It's a "No" To Rate Cuts From Bank of England's Haskel

Above: File image of Jonathan Haskel. Image copyright: Pound Sterling Live, Still Courtesy of Imperial College Business School.

Jonathan Haskel is the latest member of the Bank of England to warn there is no prospect of a rate cut over the coming months as the UK's labour market remains too "tight".

Haskel told an audience at the University of Warrick that the still-high degree of labour market tightness continues to impart inflationary pressures on the economy.

"This will need higher rates for longer to get inflation sustainably to target. This is why I have been voting for higher rates at recent meetings," he said.

Haskel presented new research on how previous shocks - namely the energy shock and pandemic - fed into surging inflation.

But, crucially, the shocks also altered the UK labour market, making it less efficient in filling available vacancies in the country's businesses.

"The matching efficiency of the labour market appears to have been impaired since the pandemic, “tightening” the labour market," says Haskel.

This meant wage pressures have risen and remain high, high enough to ensure UK inflation rates won't fall to 2.0% anytime soon.
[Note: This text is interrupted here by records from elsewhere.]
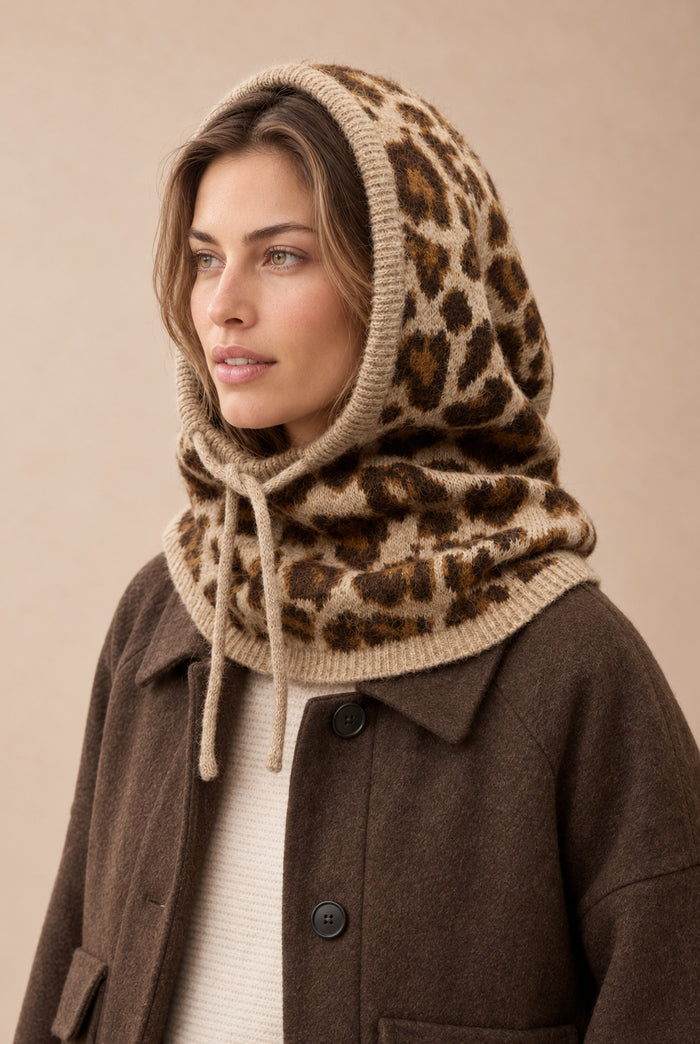 BEIGE/LEO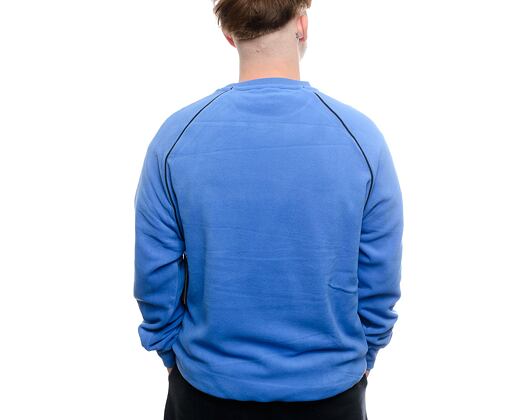 Mikina Quiksilver - Mercury Wired Fleece - Sky Blue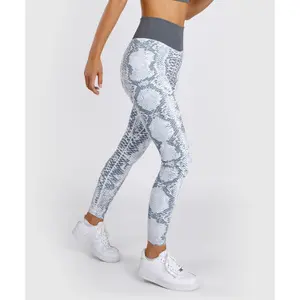 Legging femme Venum White Snake image-3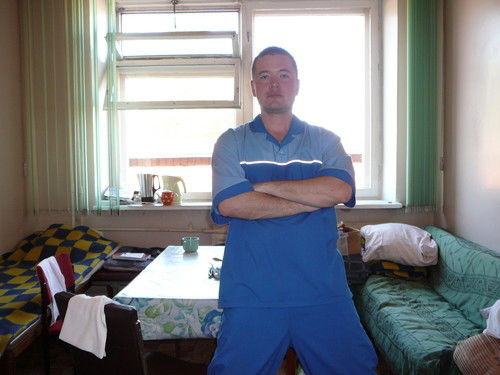 Олег Гимадеев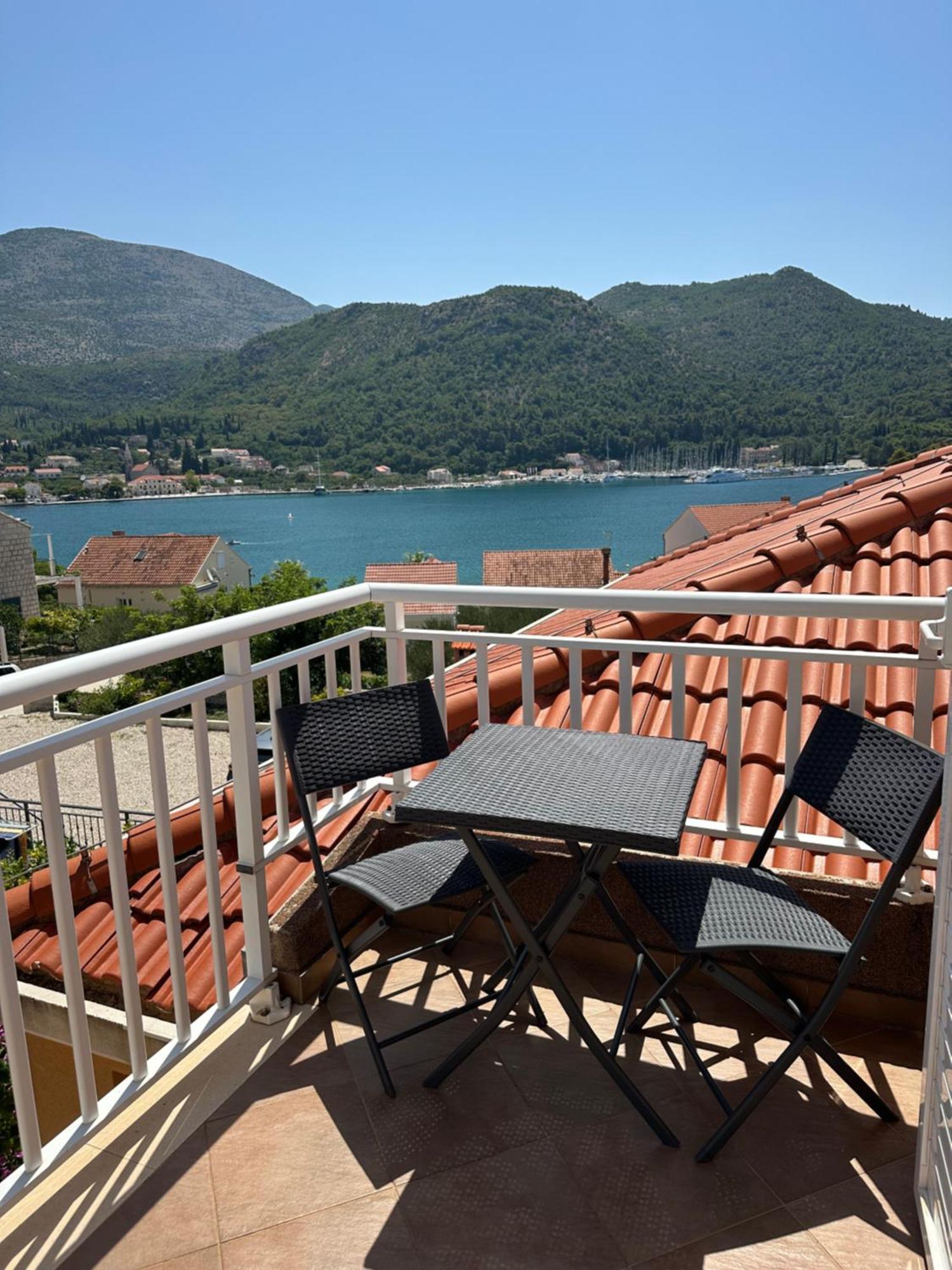 Apartments Villa Eva Slano Εξωτερικό φωτογραφία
"Does the current outlook suggest scope for moderation in rates anytime soon?" asks Haskel.

"No. The labour market is still historically tight. At current rates of change it would take at least a year to fall back to average pre-pandemic tightness, with the precise time depending critically on the greater the degree to which matching in the labour market has been impaired," he answers.

Haskel also reflects that productivity growth in the UK remains in the doldrums, putting upward pressure on costs.

"Rates will have to be held higher and longer than many seem to be expecting," he says.

Haskel's comments follow those of Bank of England Governor Andrew Bailey, who on Monday warned the market was misguided to expect significant rate cuts in 2024 as the task of bringing inflation down was ongoing.

Bank of England Deputy Governor Dave Ramsden said in a television interview on Tuesday that UK inflation is becoming more "home-grown" and will be “challenging to squeeze out of the system."

Ramsden said monetary policy would have to stay "restrictive for an extended period of time".